Berkaitan dengan hal itu, perlu diperhatikan sisi keamanan dan kepastian hukum dalam pemanfaatan 
teknologi informasi, media, dan komunikasi agar dapat berkembang secara optimal. Oleh karena itu, 
terdapat tiga pendekatan untuk menjaga keamanan di cyber space, yaitu pendekatan aspek hukum, 
aspek teknologi, aspek sosial, budaya, dan etika. Untuk mengatasi gangguan keamanan dalam 
penyelenggaraan sistem secara elektronik, pendekatan hukum bersifat mutlak karena tanpa kepastian 
hukum, persoalan pemanfaatan teknologi informasi menjadi tidak optimal. 
II. PASAL DEMI PASAL 
Pasal 1 
Cukup jelas. 
Pasal 2 
Undang-Undang ini memiliki jangkauan yurisdiksi tidak semata-mata untuk perbuatan hukum yang 
berlaku di Indonesia dan/atau dilakukan oleh warga negara Indonesia, tetapi juga berlaku untuk 
perbuatan hukum yang dilakukan di luar wilayah hukum (yurisdiksi) Indonesia baik oleh warga negara 
Indonesia maupun warga negara asing atau badan hukum Indonesia maupun badan hukum asing 
yang memiliki akibat hukum di Indonesia, mengingat pemanfaatan Teknologi Informasi untuk Informasi 
Elektronik dan Transaksi Elektronik dapat bersifat lintas teritorial atau universal. 

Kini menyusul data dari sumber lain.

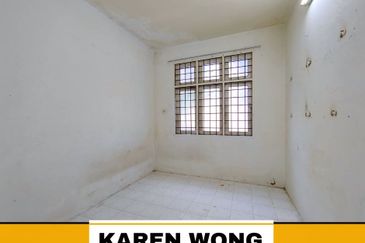 CORNER LOT BELOW MARKET VALUE TAMAN MELATI 2 Storey SEMI DETACHED for Sale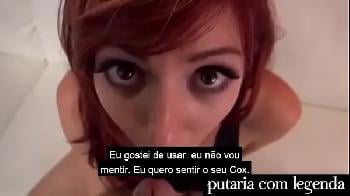 Ruiva gostosa no pornô legendado dando sua buceta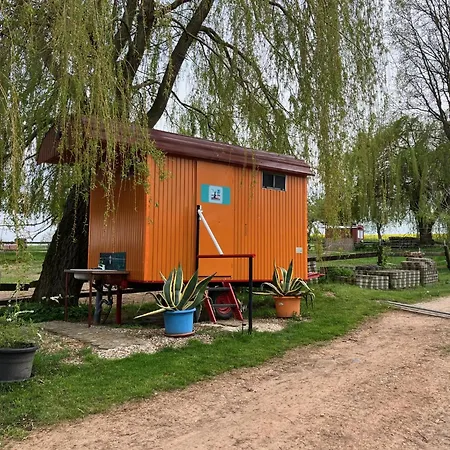 Camping Schaeferwagen Kuschel Vom Friesenhof Wieratal Nobitz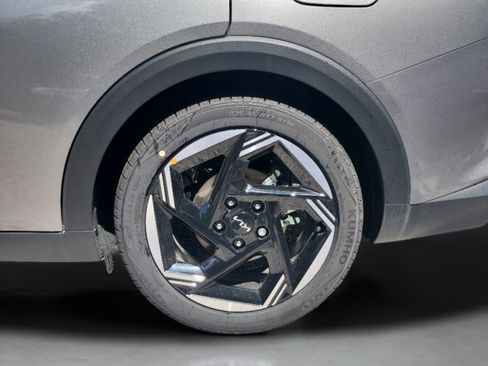 Certified 2025 Kia K4 EX FWD image 30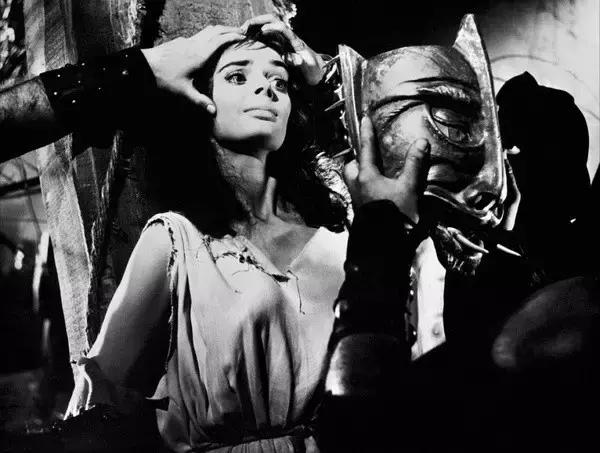 精心挑选的100部恐怖片,23年鬼片推荐恐怖前十名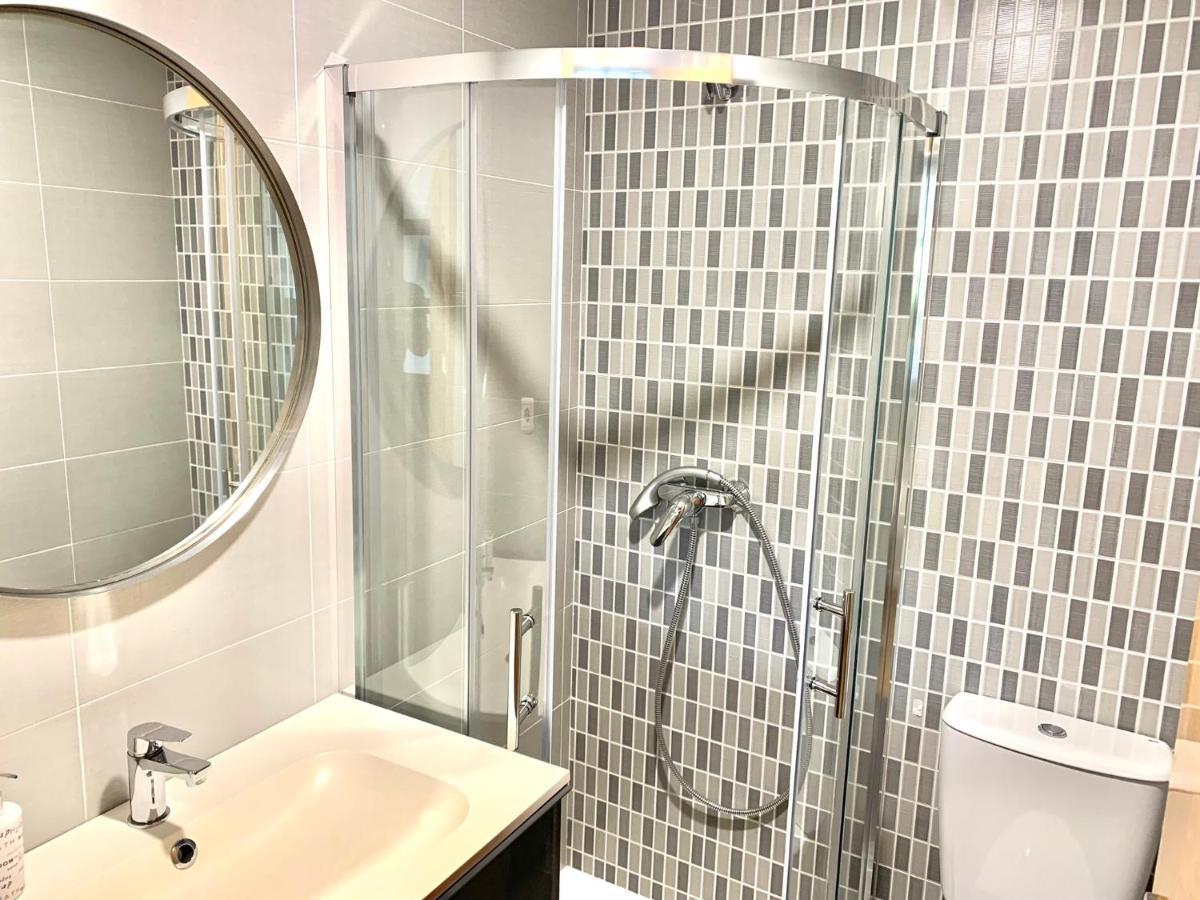 Casa Ferreiros. Parking Y Wifi Incluidos! Apartment Gijon Ngoại thất bức ảnh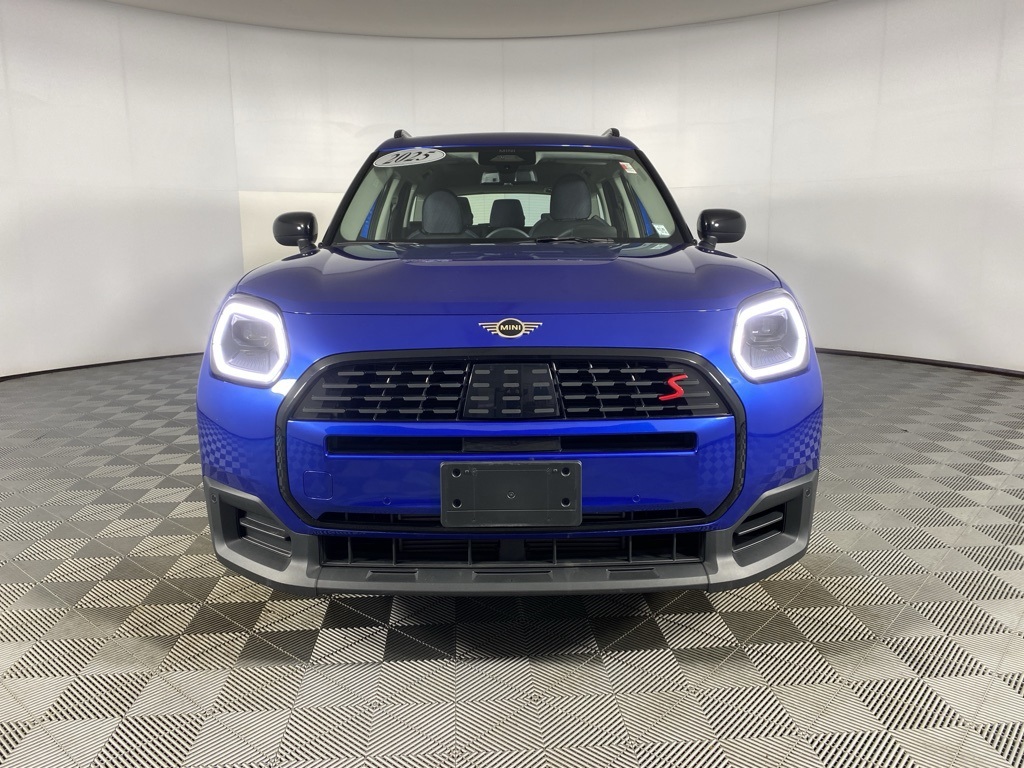 Vehicle image 2 of 23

Yang dimaksud dengan “merugikan kepentingan Indonesia” adalah meliputi tetapi tidak terbatas pada 
merugikan kepentingan ekonomi nasional, perlindungan data strategis, harkat dan martabat bangsa, 
pertahanan dan keamanan negara, kedaulatan negara, warga negara, serta badan hukum Indonesia. 
Pasal 3 
“Asas kepastian hukum” berarti landasan hukum bagi pemanfaatan Teknologi Informasi dan Transaksi 
Elektronik serta segala sesuatu yang mendukung penyelenggaraannya yang mendapatkan pengakuan 
hukum di dalam dan di luar pengadilan. 
“Asas manfaat” berarti asas bagi pemanfaatan Teknologi Informasi dan Transaksi Elektronik 
diupayakan untuk mendukung proses berinformasi sehingga dapat meningkatkan kesejahteraan 
masyarakat. 
“Asas kehati-hatian” berarti landasan bagi pihak yang bersangkutan harus memperhatikan segenap 
aspek yang berpotensi mendatangkan kerugian, baik bagi dirinya maupun bagi pihak lain dalam 
pemanfaatan Teknologi Informasi dan Transaksi Elektronik. 

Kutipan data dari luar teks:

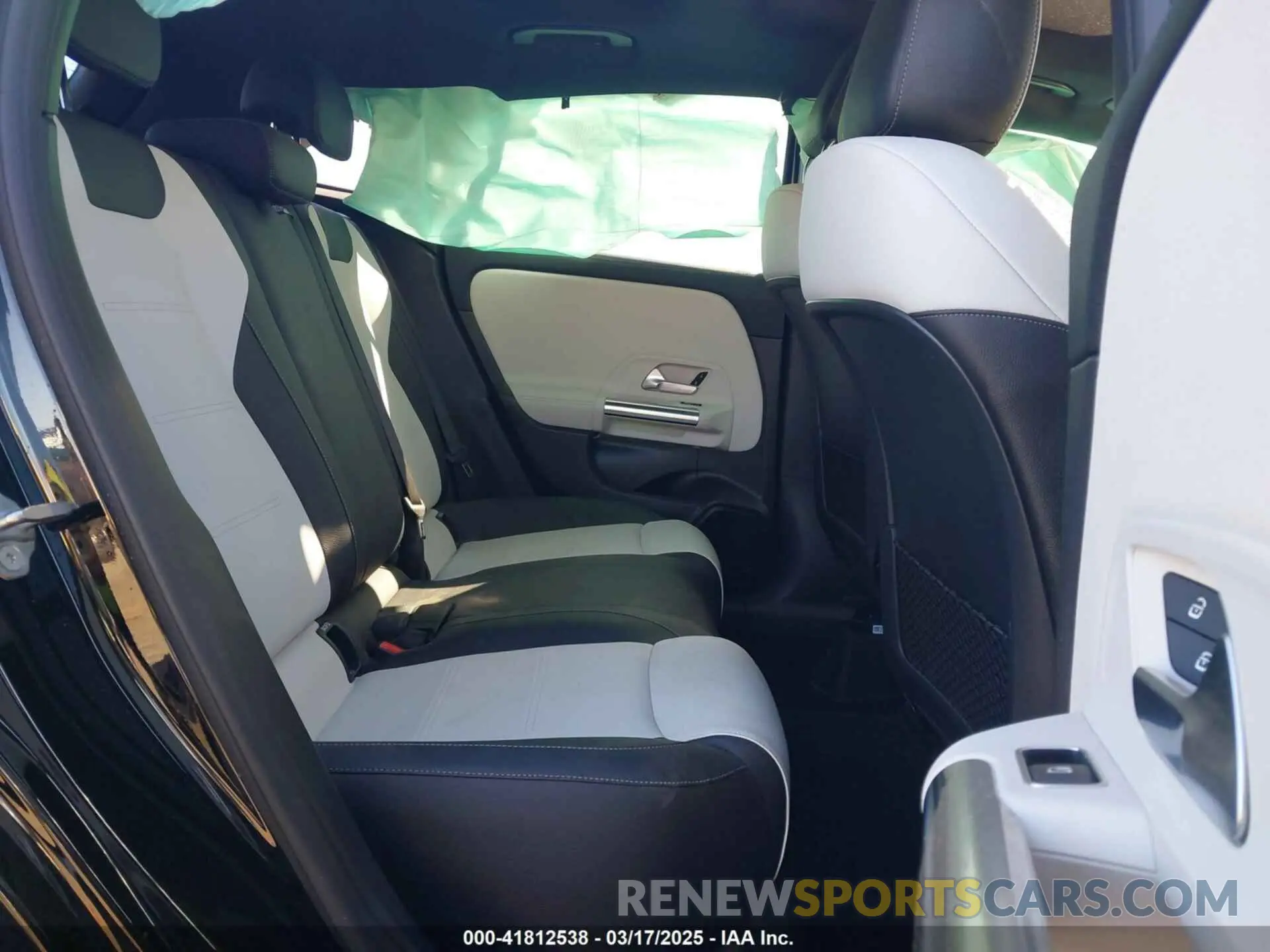 8 fotografías del automóvil dañado W1N4N4HB7MJ184961 MERCEDES-BENZ GLA 250 2021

“Asas iktikad baik” berarti asas yang digunakan para pihak dalam melakukan Transaksi Elektronik 
tidak bertujuan untuk secara sengaja dan tanpa hak atau melawan hukum mengakibatkan kerugian 
bagi pihak lain tanpa sepengetahuan pihak lain tersebut. 

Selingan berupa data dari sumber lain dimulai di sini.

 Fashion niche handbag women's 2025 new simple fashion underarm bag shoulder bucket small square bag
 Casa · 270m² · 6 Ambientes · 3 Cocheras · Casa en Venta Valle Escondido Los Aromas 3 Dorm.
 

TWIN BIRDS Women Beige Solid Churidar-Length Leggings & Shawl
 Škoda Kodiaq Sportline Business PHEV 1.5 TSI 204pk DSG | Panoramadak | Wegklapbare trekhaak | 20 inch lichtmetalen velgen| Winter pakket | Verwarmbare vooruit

“Asas kebebasan memilih teknologi atau netral teknologi” berarti asas pemanfaatan Teknologi 
Informasi dan Transaksi Elektronik tidak terfokus pada penggunaan teknologi tertentu sehingga dapat 
mengikuti perkembangan pada masa yang akan datang. 
Pasal 4 
Cukup jelas. 
16
Pasal 5 
Ayat 1 
Cukup jelas. 
Ayat 2 
Cukup jelas. 
Ayat 3 
Cukup jelas. 
Ayat 4 
Huruf a 
Surat yang menurut undang-undang harus dibuat tertulis meliputi tetapi tidak terbatas pada surat 
berharga, surat yang berharga, dan surat yang digunakan dalam proses penegakan hukum acara 
perdata, pidana, dan administrasi negara. 
Huruf b 
Cukup jelas. 
Pasal 6 
Selama ini bentuk tertulis identik dengan informasi dan/atau dokumen yang tertuang di atas kertas 
semata, padahal pada hakikatnya informasi dan/atau dokumen dapat dituangkan ke dalam media apa 
saja, termasuk media elektronik. Dalam lingkup Sistem Elektronik, informasi yang asli dengan 
salinannya tidak relevan lagi untuk dibedakan sebab Sistem Elektronik pada dasarnya beroperasi 
dengan cara penggandaan yang mengakibatkan informasi yang asli tidak dapat dibedakan lagi dari 
salinannya. 
Pasal 7 
Ketentuan ini dimaksudkan bahwa suatu Informasi Elektronik dan/atau Dokumen Elektronik dapat 
digunakan sebagai alasan timbulnya suatu hak. 
Pasal 8 
Cukup jelas. 
Pasal 9 
Yang dimaksud dengan “informasi yang lengkap dan benar” meliputi: 
a. informasi yang memuat identitas serta status subjek hukum dan kompetensinya, baik sebagai 
produsen, pemasok, penyelenggara maupun perantara; 
b. informasi lain yang menjelaskan hal tertentu yang menjadi syarat sahnya perjanjian serta 
menjelaskan barang dan/atau jasa yang ditawarkan, seperti nama, alamat, dan deskripsi 
barang/jasa. 
Pasal 10 
Ayat (1) 
Sertifikasi Keandalan dimaksudkan sebagai bukti bahwa pelaku usaha yang melakukan perdagangan 
secara elektronik layak berusaha setelah melalui penilaian dan audit dari badan yang berwenang. 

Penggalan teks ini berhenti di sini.